= Internal Autonomy Day =

Annual holiday in French Polynesia

Internal Autonomy Day (Fête de l’autonomie; Heiva o te) is an official holiday in French Polynesia, an overseas collectivity of France. It is celebrated annually on 29 June, to honor Tahitian and French Polynesian self-rule. The day also marked the annexation of the Kingdom of Tahiti and the turnover of native sovereignty by King Pōmare V to France.

Pro-autonomy political parties celebrate the holiday on 29 June while Oscar Temaru, former President of French Polynesia who advocated independence from France, noted that the day should known as "Mourning Day" instead.
The date French Polynesia achieved internal autonomy was on 6 September 1984.

The holiday is mainly celebrated in the capital of Papeete, on the island of Tahiti. It is celebrate with parades, entertainment and concert on the waterfront of Papeete.

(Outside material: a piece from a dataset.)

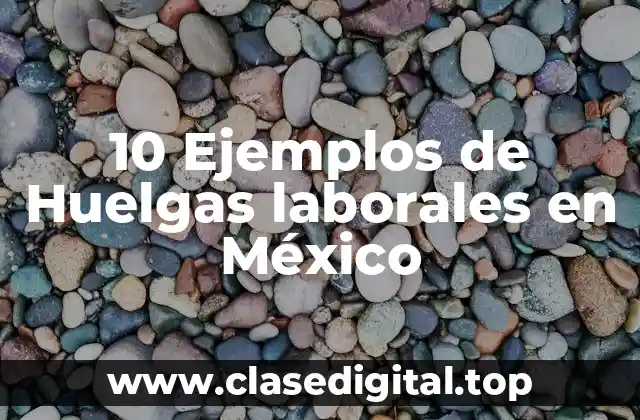 10 Ejemplos de Huelgas laborales en México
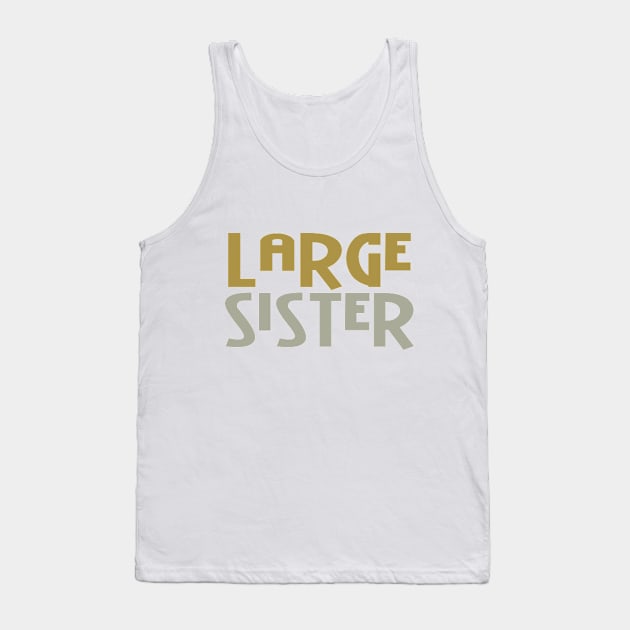 Large Sister Tank Top by PeppermintClover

==Abolition and replacement==
On 30 April 2024, a unanimous decision was made by the Council of Ministers in session with President Moetai Brotherson to abolish Internal Autonomy Day and replace it with Matari'i, a public holiday in native observance of the Pleiades on 20 November inspired by the success of similar Matariki celebrations in New Zealand, the act would be implemented officially on 2025.